JAMBI, netinfo.id – Wakil Gubernur Jambi H. Abdullah Sani, menyatakan dukungan pemerintah terhadap Program BioCF ISFL Provinsi Jambi closing meeting fase pra-investasi program BioCF ISFL (BioCarbon Fund Initiative for Sustainable Forest Landscapes) Jambi Tahun Anggaran 2022-2026. Acara dilaksanakan di Swiss Bell Hotel, Kota Jambi, Senin (04/05/2026) pagi.
Turut hadir dalam acara ini Kepala Bappeda Provinsi Jambi, Agus Sunaryo, serta jajaran Tenaga Ahli Gubernur Jambi yang turut mengawal jalannya diskusi,
Deputi Bidang Pengendalian Perubahan Iklim dan Tata Kelola Nilai Ekonomi Karbon Kementerian Lingkungan Hidup (KLH)/Badan Pengendalian Lingkungan Hidup (BPLH) Ary Sudijanto,
Direktur Perhimpunan dan Pengembangan Dana BPD LH RI Endah Tri Kurniawaty dan Direktur Mitigasi Perubahan Iklim Kementrian Lingkungan Hidup Haruki Agustina, serta tamu undangan lainnya.

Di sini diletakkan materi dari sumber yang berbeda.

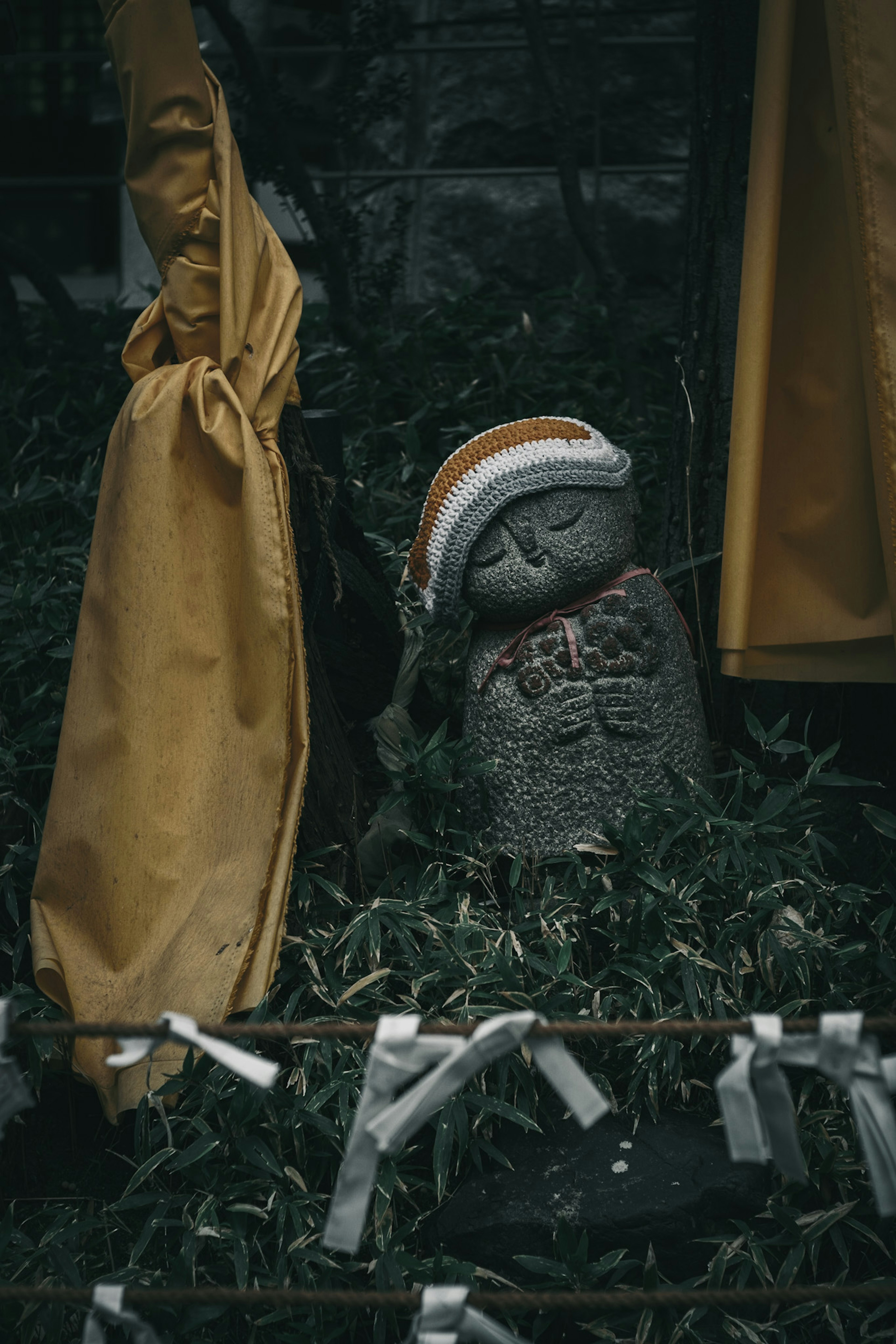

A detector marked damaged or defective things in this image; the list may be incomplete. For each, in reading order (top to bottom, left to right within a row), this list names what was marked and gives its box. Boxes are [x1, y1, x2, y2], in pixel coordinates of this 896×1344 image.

Program BioCF ISFL merupakan inisiatif global yang bertujuan untuk mengurangi emisi dari deforestasi dan degradasi hutan (REDD+), sekaligus mendorong pertumbuhan ekonomi hijau dan tata guna lahan yang berkelanjutan di Provinsi Jambi.
Melalui closing meeting ini, diharapkan seluruh pembelajaran selama empat tahun terakhir dapat menjadi fondasi kuat untuk masa depan tata lingkungan Jambi.
Adapun tema yang diangkat dalam kegiatan ini adalah “Membangun Paradigma Baru Pertumbuhan Ekonomi Hijau Melalui Pembelajaran Program Penurunan Emisi Gas Rumah Kaca Berbasis Yurisdiksi di Provinsi Jambi”.
Dalam sambutan dan arahannya Wagub Sani menyampaikan bahwa Provinsi Jambi merupakan salah satu daerah pelaksana BioCF–ISFL di Indonesia, dengan mempertimbangkan karakteristik wilayah yang memiliki potensi besar sumber daya hutan dan lahan.
“Kita memiliki kawasan hutan lebih dari 2,1 juta hektar, ekosistem gambut yang luas, serta kawasan mangrove yang penting bagi keseimbangan lingkungan,” ujar Wagub Sani.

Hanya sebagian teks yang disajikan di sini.